Generative Engine Marketing: retail media’s next move

5 May 2026
Image: ChatGPT

The race to master retail media has defined the past decade of digital commerce. Now, a new contender is emerging that could redraw the boundaries of how brands are discovered, considered and ultimately purchased: Generative Engine Marketing (GEM).

According to a new report from digital marketing agency Jellyfish, brands “urgently need to adopt new strategies built around Generative Engine Marketing (GEM)” as Large Language Models (LLMs) begin to govern how consumers find and choose products.

In Brands in the AI Era: Generative Engine Marketing, the agency argues that the industry is entering a phase where AI is no longer just a tool for optimisation, but an active participant in the buying journey.

“Brands have historically been made by people, for people,” says John Dawson, Vice President of Strategy at Jellyfish and co-author of the report. “Now, AI is an actor in the system: watching, recommending, choosing and even purchasing. The crucial task for brands to address is how to adapt.”

The report positions GEM as a structured response to this shift: a system designed to ensure brands are correctly understood and surfaced by AI models that increasingly act as “gatekeepers, audiences and buyers”. In practice, that means building strategies not just for human audiences, but for the algorithms that interpret, rank and recommend products across conversational search, multimodal interfaces and emerging agent-led shopping environments.

Early results suggest the approach is already delivering measurable gains. According to Jellyfish, South Korean eyewear brand Gentle Monster used LLM-driven insights to optimise its Google Performance Max campaigns ahead of the US holiday season, generating a 17% uplift in click-through rate, more than 14% growth in conversion rate and a 39% improvement in return on ad spend. Meanwhile, industrial supplier MSC Industrial Supply reported a 45% increase in revenue within 30 days of implementing AI-driven optimisations, alongside a 758% incremental ROAS.

For Dawson, the implications go far beyond incremental performance gains. “The brands that succeed in this emerging era will not simply advertise to audiences, but train the models that mediate them,” he says. “They will know their challenges and opportunities through Share of Model, manage their semantic presence and shape how AI describes their world.”

A shift in retail media logic

That idea of “training” the systems that sit between brands and consumers marks a profound shift in the logic of retail media.

For the past several years, retail media networks operated by players such as Amazon and Walmart have become the fastest-growing segment of digital advertising by monetising high-intent moments on their platforms. Brands bid for visibility on search results pages and product listings, using first-party data to target shoppers at the point of purchase.

GEM does not replace that model, it moves the battleground upstream. In an ‘ambient’ commerce environment, as described by Jellyfish, discovery increasingly happens before a shopper ever reaches a retailer’s site. AI assistants, conversational search tools and autonomous agents are beginning to curate options, narrow consideration sets and, in some cases, complete transactions on behalf of users. In that context, the question is no longer just how to win the digital shelf, but how to be included in the shortlist an AI generates in the first place.
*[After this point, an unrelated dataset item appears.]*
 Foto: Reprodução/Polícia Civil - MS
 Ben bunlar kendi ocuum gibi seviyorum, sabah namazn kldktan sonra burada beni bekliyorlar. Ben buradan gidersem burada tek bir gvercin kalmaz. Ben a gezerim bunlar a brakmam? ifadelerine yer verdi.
This is where GEM starts to look like the next generation of retail media.

Instead of optimising purely for share of search or share of shelf, brands are being pushed to compete for what Jellyfish terms “Share of Model –  essentially, how often and how favourably they appear within AI-generated responses. That requires a different kind of infrastructure: structured data, machine-readable content, and a consistent semantic footprint that models can interpret and trust.

“The shift really is different,” Dawson says. “For the first time, brands must build relationships not only with people but also with the AI models that surround them.”

For retailers, the implications are equally significant. Retail media networks have thrived because they control the environment in which purchase decisions are made. But as AI intermediaries begin to influence, or even bypass, those environments, retailers will need to integrate similar capabilities into their own ecosystems, embedding AI-driven discovery and recommendation into their platforms while finding new ways to monetise it.

In effect, retail media risks becoming the conversion layer rather than the discovery layer, with value shifting towards those who can shape the inputs into AI-driven decision-making.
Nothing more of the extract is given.